***** Records for the exercise
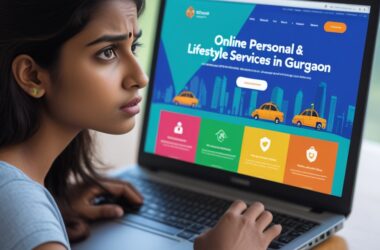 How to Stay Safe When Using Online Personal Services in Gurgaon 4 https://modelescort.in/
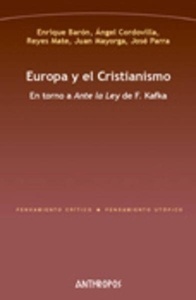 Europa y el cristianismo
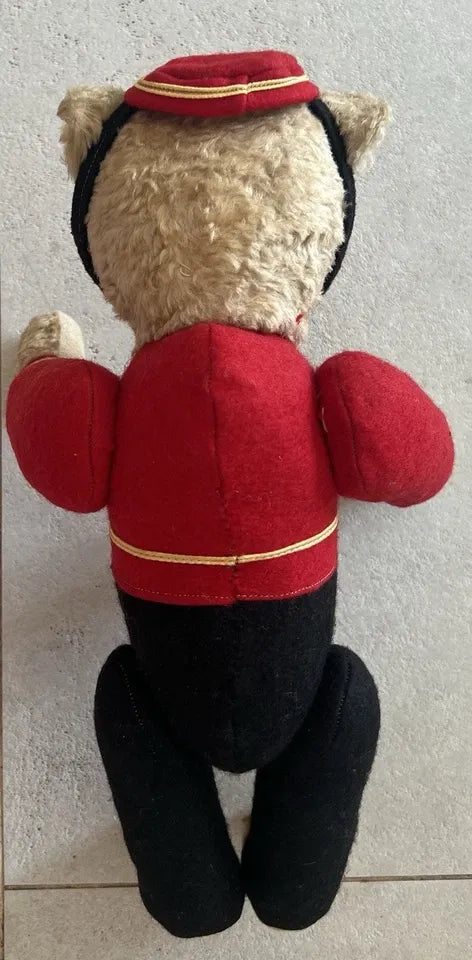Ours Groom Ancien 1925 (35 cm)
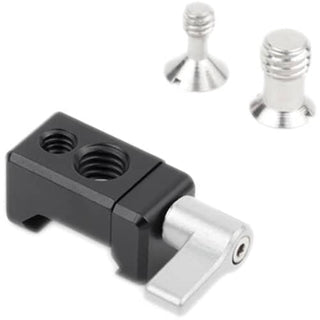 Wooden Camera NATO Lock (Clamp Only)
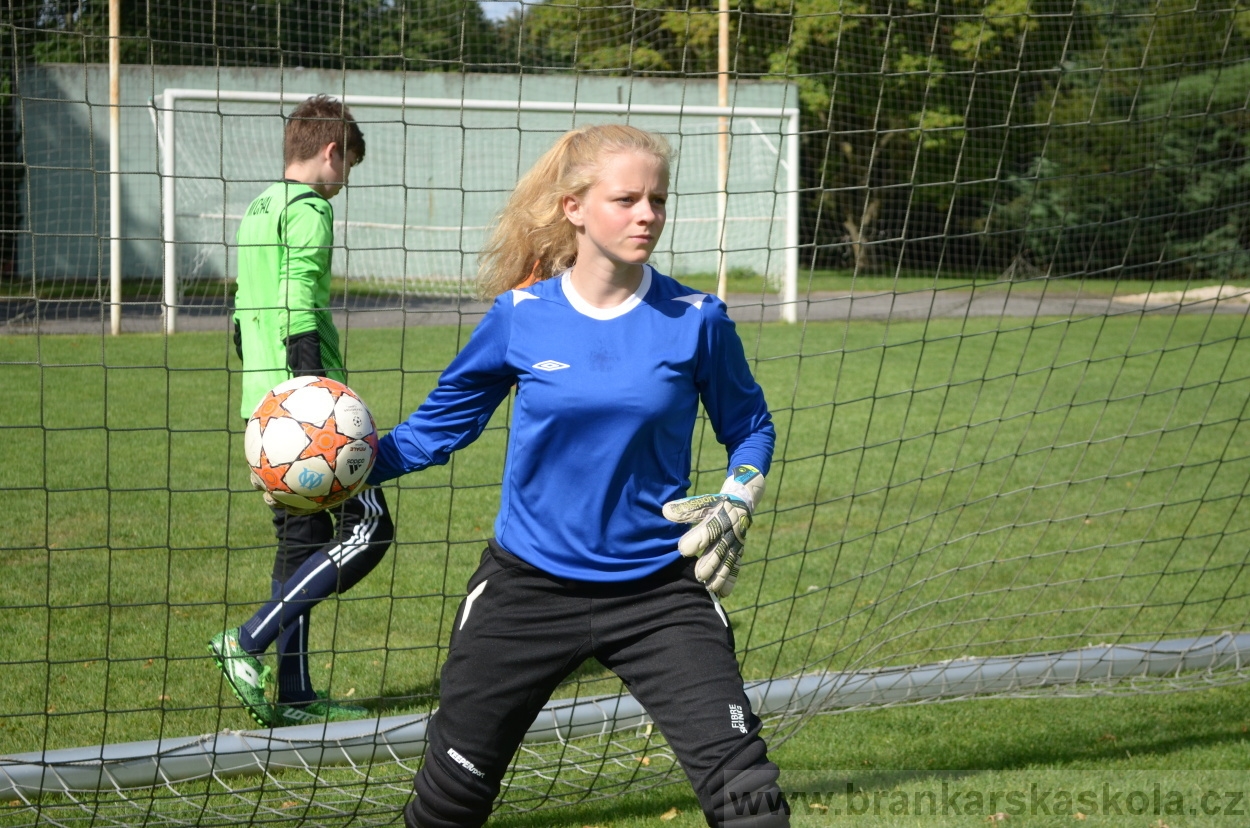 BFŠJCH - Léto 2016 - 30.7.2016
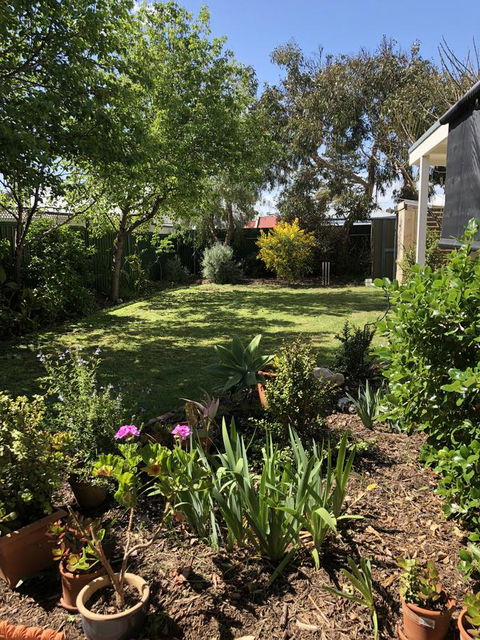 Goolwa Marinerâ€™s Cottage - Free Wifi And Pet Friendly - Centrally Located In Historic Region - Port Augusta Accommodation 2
**********
What is needed » Beginning with the line with "Europa y el cristianismo", repeat the entries above exactly, up to and including the last line, leaving out pictures.

Exercise answer »
 Europa y el cristianismo
Ours Groom Ancien 1925 (35 cm)
 Wooden Camera NATO Lock (Clamp Only)
 BFŠJCH - Léto 2016 - 30.7.2016
 Goolwa Marinerâ€™s Cottage - Free Wifi And Pet Friendly - Centrally Located In Historic Region - Port Augusta Accommodation 2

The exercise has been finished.